Well, there you have it. I think that, in view of the strength of his comments, I really don’t have much to add! Bear in mind that Mr Praet also emphasised the need for fiscal authorities to take actions that contribute to growth, in particular by re-launching investment. What we see here is a member of the central bank using polite language to the absurdity of European budgetary policy, especially German, in today macroeconomic context (ZLB, output gap, and deflation risk). The reaction of European authorities to the statements made by the French president before the special session of Parliament in Versailles, following the terrorist attacks in Paris (“the security pact” take precedence over the “stability pact”) is encouraging.

Mr Junker declared:

“France and other countries need additional means and these additional means should not be dealt with on the same footing as regular spending… For an extraordinary situation we need extraordinary spending. And it goes the same for other countries.”

That’s it for today.

I was hoping to scrutinise the comments made by Mr Weidmann last Friday 20 November before the same parliamentary session during which he addressed Mr Draghi, but I am afraid that making this already long report longer would make it unreadable to many. Besides, it no longer matters what he says! His speech was not even published on the ECB’s web site. You have to go on the Bundesbank website to find it…

  1. BC
    November 24, 2015 at 3:39 pm

    The primary purpose of QE is to liquefy the TBTE banks’ balance sheets by crediting liquidity for the banks to fund fiscal deficits in order to prevent nominal GDP from contracting and a general debt deflation and deflationary mentality for occurring; everything else is secondary.

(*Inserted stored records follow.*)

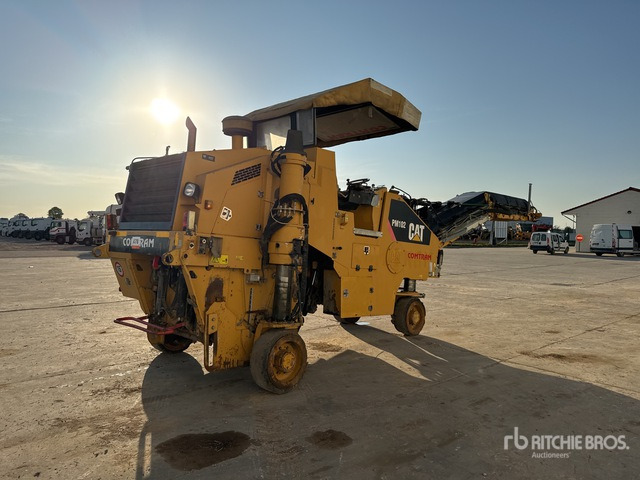 2008 Cat PM102 Autograde/Appareil de reprise - قشاطة أسفلت: صورة 4 2008 Cat PM102 Autograde/Appareil de reprise - قشاطة أسفلت: صورة 4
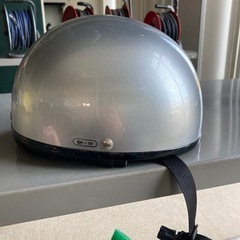 バイク　ヘルメットの画像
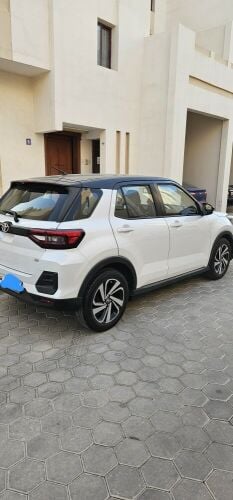 Raize 2024 Model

    The majority of liquidity from ECB QE is flowing to the financial sector, including banks, insurers, and pension funds to fund sovereign debt to finance deficits with EZ gov’t spending as a share of GDP at ~50% and money velocity to the private sector at, or near, that of China and Japan at ~0.4. That implies that the ECB has to print reserves at ~10% of GDP to achieve private nominal GDP growth of no more than 2% YoY with no reported price inflation.

    Central banksters cannot say that explicitly because it would invite scrutiny of the central banks’ true loyalties, motives, objectives, and the interests primarily served by the central banks, i.e., the top 0.001% owners of the TBTE banks.

    The so-called “wealth effect” from encouraging flows and leverage to inflate financial bubbles is dubious with respect to its effect on the productive economy, whereas hyper-financialization results in the stock market becoming “the economy” as a kind of substitute for fiscal “stimulus”, benefiting primarily the top 0.001-1%, and indirectly the next 9%, while imposing further rentier claims on wages, profits, and gov’t receipts in perpetuity.

    It needs to be acknowledged that the central banksters work for the owners of the Anglo-American and European Rockefeller-Rothschild int’l (arguably criminal) banking syndicate. If one internalizes this premise, then one is compelled to challenge the central banks’ power, authority, and actions in the context of the interests served by same.

    Private debt-money lent into existence at compounding interest in perpetuity and fractional reserve banking overwhelmingly serves the rentier-socialist Power Elite top 0.001% at the increasingly prohibitive cost to everyone else.

    What are the economic, financial, philosophical, and political bases or rationalizations for this feudal-like system? How did it come into being? Why is it not challenged? Who benefits? Who loses? How? Why? What are the alternatives? Why are they not discussed?